Jeff Beamsley isn’t one to question Mr. Savage’s track record.
In 2004 Mr. Beamsley, then-CEO of Hilgraeve Inc., a software firm in Monroe, asked Mr. Savage to join the firm’s board and advise it on how to grow its business. “He had a plan to see some or all of the company grow to a specific size after four years,” Mr. Beamsley said.
In 2008, Hilgraeve reached its goal. Most of the firm and some key assets — software that connects medical labs and prescription databases — were acquired by Detroit’s Compuware and added to its Covisint information technology unit.
Last year, Compuware spun off Covisint into a $98 million public company.

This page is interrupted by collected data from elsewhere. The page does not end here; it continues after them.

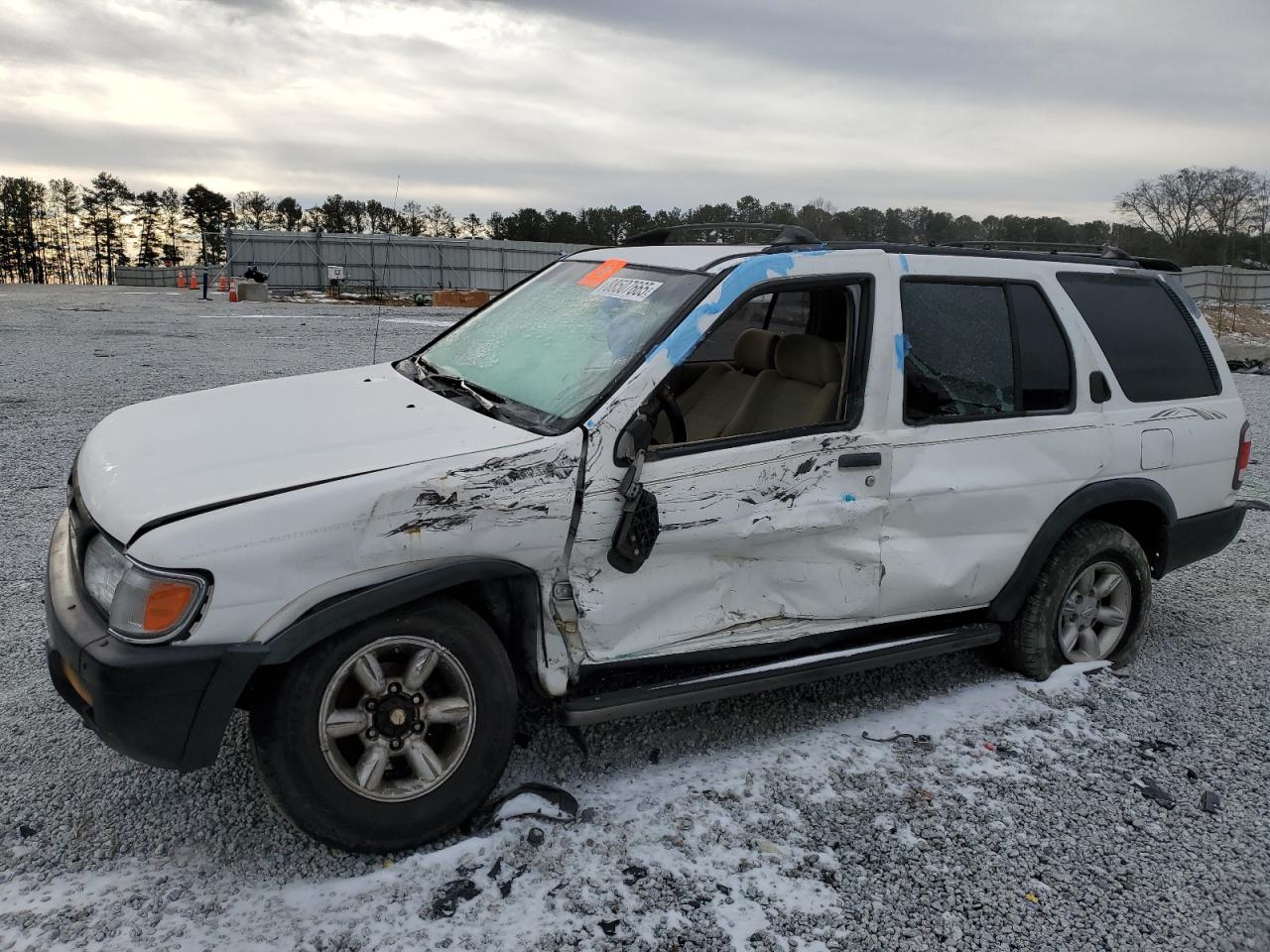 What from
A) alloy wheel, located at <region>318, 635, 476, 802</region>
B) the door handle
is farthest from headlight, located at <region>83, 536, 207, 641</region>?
the door handle

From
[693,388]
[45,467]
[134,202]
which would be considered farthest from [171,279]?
[693,388]

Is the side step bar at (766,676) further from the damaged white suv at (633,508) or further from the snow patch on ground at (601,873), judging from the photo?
the snow patch on ground at (601,873)

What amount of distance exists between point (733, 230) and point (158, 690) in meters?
2.82

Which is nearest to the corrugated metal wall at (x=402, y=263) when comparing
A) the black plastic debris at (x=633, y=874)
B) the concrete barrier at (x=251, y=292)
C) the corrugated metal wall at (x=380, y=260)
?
the corrugated metal wall at (x=380, y=260)

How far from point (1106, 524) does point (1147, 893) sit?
6.10ft

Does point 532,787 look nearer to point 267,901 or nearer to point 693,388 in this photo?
point 267,901

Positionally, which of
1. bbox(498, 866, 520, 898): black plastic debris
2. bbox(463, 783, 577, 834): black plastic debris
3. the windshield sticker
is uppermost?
the windshield sticker

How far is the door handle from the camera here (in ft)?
11.7

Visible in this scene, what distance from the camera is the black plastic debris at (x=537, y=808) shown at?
313 cm

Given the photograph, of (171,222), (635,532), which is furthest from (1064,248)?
(171,222)

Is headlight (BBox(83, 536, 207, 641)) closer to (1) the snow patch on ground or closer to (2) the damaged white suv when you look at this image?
(2) the damaged white suv

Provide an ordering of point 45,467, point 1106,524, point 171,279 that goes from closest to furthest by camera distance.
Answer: point 1106,524
point 45,467
point 171,279

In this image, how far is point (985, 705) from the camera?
13.6 ft

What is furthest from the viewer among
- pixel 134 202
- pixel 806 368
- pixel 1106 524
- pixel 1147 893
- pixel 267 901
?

Mr. Savage “has a very good business mind and a passion for venture capital. He also has deep [venture capital] connections,” said Mr. Beamsley, Covisint’s director of partner programs.
“I also think he has a lot of patience, which is part of what you need in dealing with businesses that are just kind of figuring out how to get going,” Mr. Beamsley said.

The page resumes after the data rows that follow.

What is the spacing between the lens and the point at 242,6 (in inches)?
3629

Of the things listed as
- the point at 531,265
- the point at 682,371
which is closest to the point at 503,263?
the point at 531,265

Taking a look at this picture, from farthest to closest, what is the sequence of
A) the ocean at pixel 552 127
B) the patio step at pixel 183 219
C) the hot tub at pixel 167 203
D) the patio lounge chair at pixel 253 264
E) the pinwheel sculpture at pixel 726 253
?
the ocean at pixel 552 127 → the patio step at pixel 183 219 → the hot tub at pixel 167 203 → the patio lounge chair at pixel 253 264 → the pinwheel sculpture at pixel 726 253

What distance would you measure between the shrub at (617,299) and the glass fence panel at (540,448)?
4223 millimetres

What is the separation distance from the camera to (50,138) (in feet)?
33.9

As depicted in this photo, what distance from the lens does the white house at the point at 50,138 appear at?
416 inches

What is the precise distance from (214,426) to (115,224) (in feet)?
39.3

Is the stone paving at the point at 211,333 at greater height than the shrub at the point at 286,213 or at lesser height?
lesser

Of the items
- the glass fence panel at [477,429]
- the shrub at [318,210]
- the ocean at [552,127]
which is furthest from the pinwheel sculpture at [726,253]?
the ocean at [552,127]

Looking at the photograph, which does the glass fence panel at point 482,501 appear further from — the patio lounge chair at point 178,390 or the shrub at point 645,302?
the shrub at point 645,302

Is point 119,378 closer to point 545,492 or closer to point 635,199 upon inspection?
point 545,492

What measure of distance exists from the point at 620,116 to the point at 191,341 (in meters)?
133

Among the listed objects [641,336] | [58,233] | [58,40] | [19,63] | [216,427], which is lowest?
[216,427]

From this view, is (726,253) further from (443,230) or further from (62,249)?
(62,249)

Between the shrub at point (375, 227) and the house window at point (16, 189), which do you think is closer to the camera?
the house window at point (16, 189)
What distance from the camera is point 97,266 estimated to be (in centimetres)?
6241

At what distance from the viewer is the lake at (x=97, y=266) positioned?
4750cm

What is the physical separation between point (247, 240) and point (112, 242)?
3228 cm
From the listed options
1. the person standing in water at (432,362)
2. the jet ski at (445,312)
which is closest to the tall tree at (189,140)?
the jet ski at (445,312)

Mr. Savage said that as he builds his “ecosystem,” the key is to get the private sector more involved.
“Truthfully, the ecosystem in northwest Ohio now is, you’ve got Rocket Ventures, you’ve got the University of Toledo, ProMedica, which is starting to do more commercialization and innovation, and after that there's a fairly significant drop,” Mr. Savage said.
“Some people look at the Third Frontier and say, ‘That’s the public part.’ But there really shouldn’t be a separation between the public and the private part of the ecosystem because all need to operate together,” Mr. Savage said.
“One of our main jobs right now is to build more and more partnerships into the private sectors and the base of assets we have here. Because we really do have a good base of assets in northwest Ohio. They just haven’t been connected before.”